Richard A. Brown, District Attorney, Kew Gardens, N.Y. (John M. Castellano, Johnnette Traill, Anastasia Spanakos, and Josette Simmons McGhee of counsel), for respondent.
DECISION & ORDER
Appeal by the defendant from a judgment of the Supreme Court, Queens County (Kron, J.), rendered January 11, 2013, convicting him of criminal possession of a weapon in the second degree (four counts), upon a jury verdict, and imposing sentence. The appeal brings up for review the denial, after a hearing (Lewis, J.), of that branch of the defendant's omnibus motion which was to suppress physical evidence.

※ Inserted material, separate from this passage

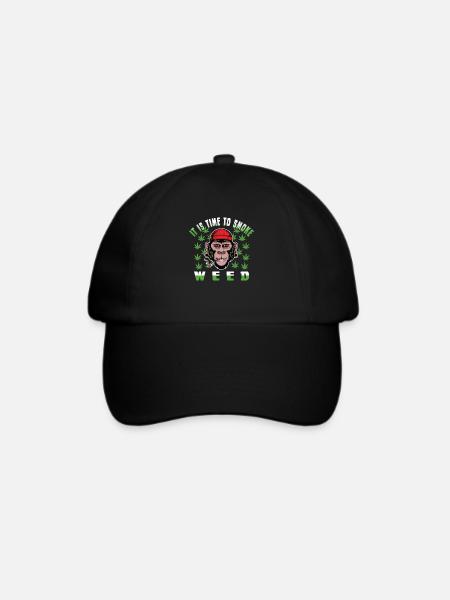 Kiffen Weed Spruch - Baseballkappe - Schwarz/Schwarz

ORDERED that the judgment is affirmed.
The hearing court properly denied that branch of the defendant's omnibus motion which was to suppress physical evidence, made on the ground that the police officers did not have reasonable suspicion to stop and detain him. The evidence at the suppression hearing established that the police had reasonable suspicion to stop and detain the defendant based upon the defendant's appearance, which matched the description given by a 911 caller of two armed men observed apparently trying to break into a car, and the police officers' observations of the defendant and another man crouching by a car at the address given by the 911 caller (see People v Martinez, 80 NY2d 444, 446-447; People v Hicks, 68 NY2d 234, 238; People v Wellington, 84 AD3d 984, 986). Furthermore, the police action in detaining the defendant was reasonable under the circumstances (see People v Hicks, 68 NY2d at 243; People v Mabeus, 68 AD3d 1557, 1561-1562; People v Medina, 37 AD3d 240, 242; People v Harris, 186 AD2d 148). Moreover, contrary to the defendant's contention, the length of his detention was not unreasonably long under the circumstances. Any delay was caused by, among other things, the defendant's evasive answers, which gave the police reason for prolonging the stop and making further inquiries (see People v Hicks, 68 NY2d at 241; People v Harris, 186 AD2d at 148), as well as the unavoidable circumstance of a computer breakdown in the police vehicle, which temporarily thwarted the arresting officer's diligent efforts to ascertain relevant information (see People v Harris, 186 AD2d at 148).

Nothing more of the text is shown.